At first, things did not look good for Corbyn and his followers, as it was decided that the decision on whether he would automatically be allowed on the leadership ballot - in other words, without having to secure nominations from MPs - would be taken not by a show of hands, as was expected, but by secret ballot. There was much muttering on the left. There would be no chance of knowing who had voted which way.
But when the result was revealed, Corbyn had won another victory: his name would automatically go forward without having to get nominations, something that he would have had serious difficulty in doing, given that more than 170 Labour MPs have signed a motion of No Confidence in his leadership.
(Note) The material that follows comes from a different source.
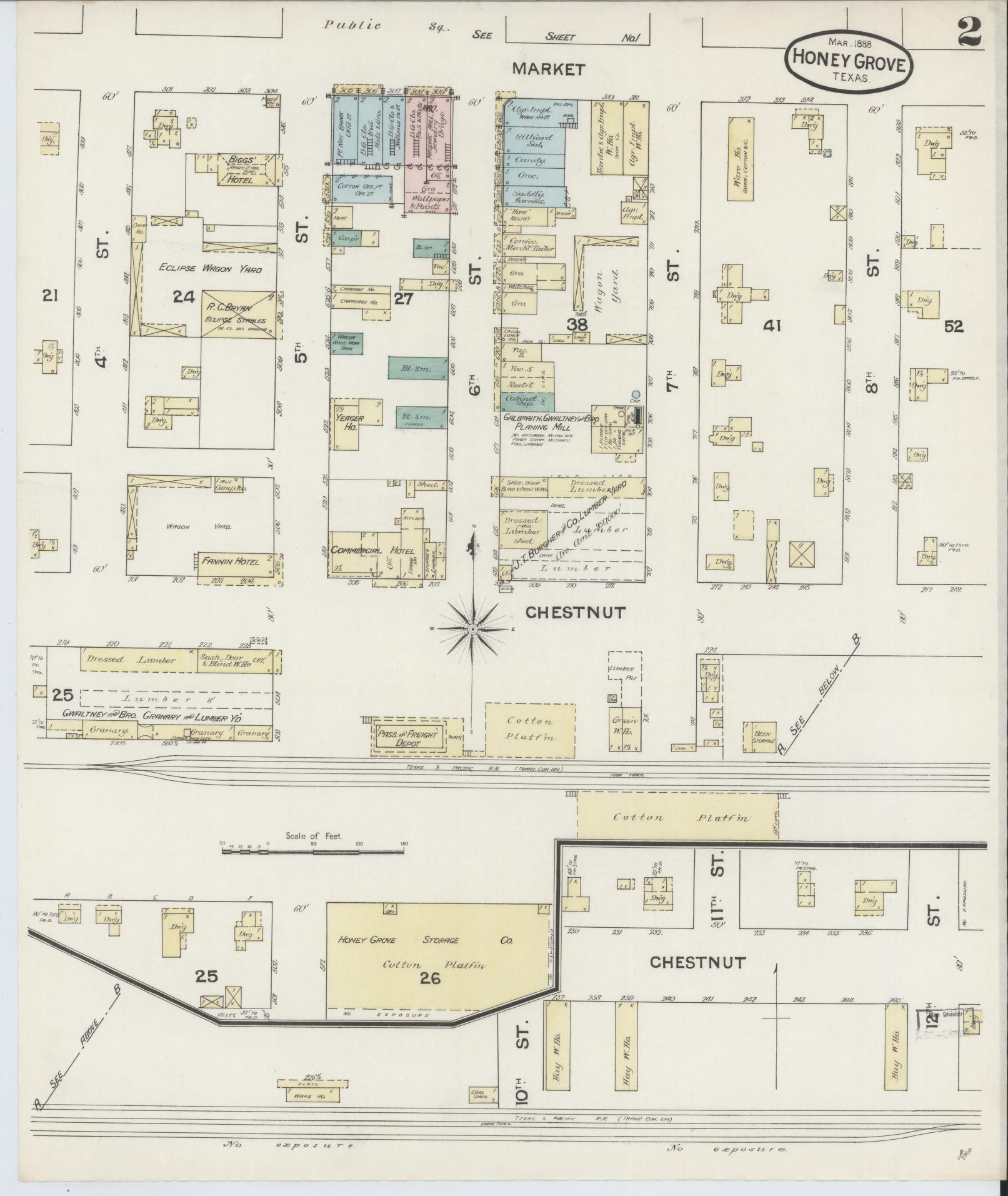 Sanborn Fire Insurance Map from Honey Grove, Fannin County, Texas (1888), Sheet #0002 - Complete Map Set gallery image, historic Sanborn map, vintage wall art, Texas Texas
This was the signal for he and his supporters to indulge in a little celebration. They were home and hosed.
Except it wasn’t that simple. First, as ITV political editor Robert Peston explained, “it became clear that the secrecy was pointless, because all the union representatives voted as per the way they had been mandated to do, and in favour of Corbyn. So Corbyn loyalists will know exactly who went against their will”. The idea of heading off the climate of threats and intimidation had not been such a good one.
Then, as Corbyn and his supporters savoured their victory moment, came another, this time unscheduled, vote. He had left the NEC meeting, as had two supportive delegates, and as the vote was not scheduled, there was no mandate for any Trade Union representatives to act upon. This vote was on who should be able to take part in the leadership poll - as in, which party members.
This time, it was not so good for Jezza: all those “registered supporters” who had joined for £3 a go would have to stump up a whole £25, and register within a 48-hour window later this month. Moreover, all members who had joined since the end of January - thought to be overwhelmingly Corbyn-leaning - would be excluded. As Peston observed, “in the final hour the Corbynistas, so cock-a-hoop at their victory, took their eye off the ball”.
So it’s still not clear which way a leadership contest would go, and with Owen Smith talking of joining the fray this morning, it’s equally unclear who will be doing the contesting, as some MPs are talking openly of having just one opponent for Jezza. The only event that looms closer after yesterday’s NEC meeting is a split in the Labour Party that will keep it out of power for the foreseeable future, massive support or not.
Still, there will be all those marches and protests to enjoy, and the warm feeling they give the participants, so that’s all right, then.
All this demonstrates is just how much a gang of wheedling, squirming neoconmen/women is New Labour. Which means they'll be held in even deeper contempt by party members. But whichever way they squirm, if the original voting pattern holds they'll be routed again - which can't come soon enough. Then they can push off and join the Gang of Four in ignominy and failure. Good riddance to them.
Mainstream media of course will be its usual corrupt self, particularly the BBC News department. Last night's Newsnight was fronted by the increasingly weird and moronic Evan Davis who did an appallingly obvious hatchet job on Corbyn and his supporters when he lumped them together with whoever threw a brick at Eagle's constituency office. He even called her constituency officers "those people" after they quite rightly recounted how Eagle had "suddenly changed" during the last month or so.
Then again, Davis is the utter nutjob whose economics education in one "report" last year was limited to saying "London sucks in talent" while completely ignoring how the nation outside the M25 ghetto has been robbed. The guy's a complete Gollum-arsehead.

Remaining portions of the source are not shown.